Exercise description
I would like the lines below, from the one with "koara_20260118190223" through the one with "Куда сдать новогоднюю", copied exactly and without any pictures.

Data
----------

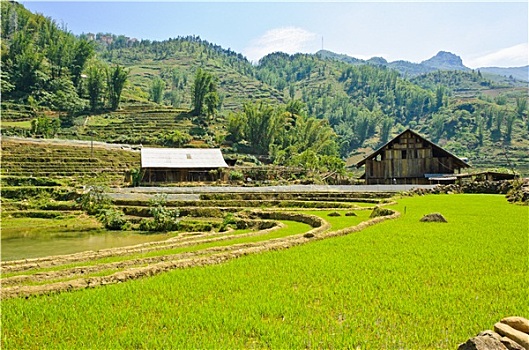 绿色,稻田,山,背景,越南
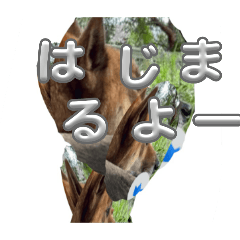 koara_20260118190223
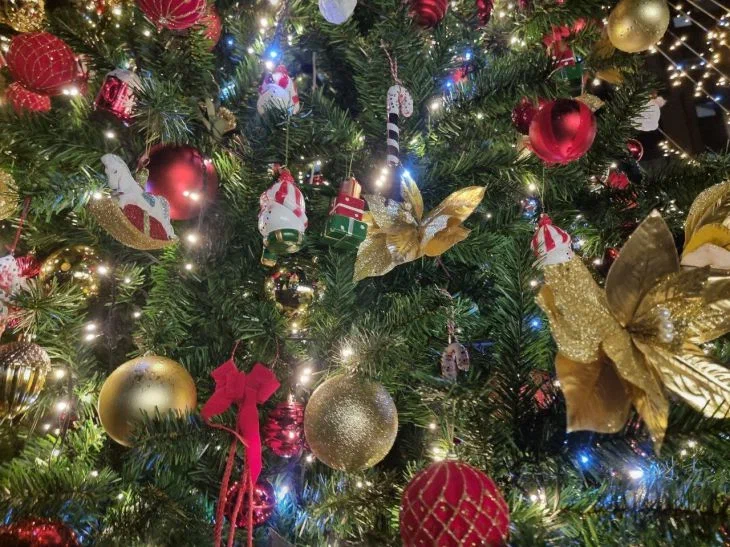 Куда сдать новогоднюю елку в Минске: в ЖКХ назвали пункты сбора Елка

----------

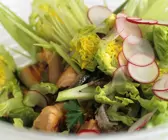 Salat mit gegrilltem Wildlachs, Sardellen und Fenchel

----------

Exercise output
 koara_20260118190223
 Куда сдать новогоднюю елку в Минске: в ЖКХ назвали пункты сбора Елка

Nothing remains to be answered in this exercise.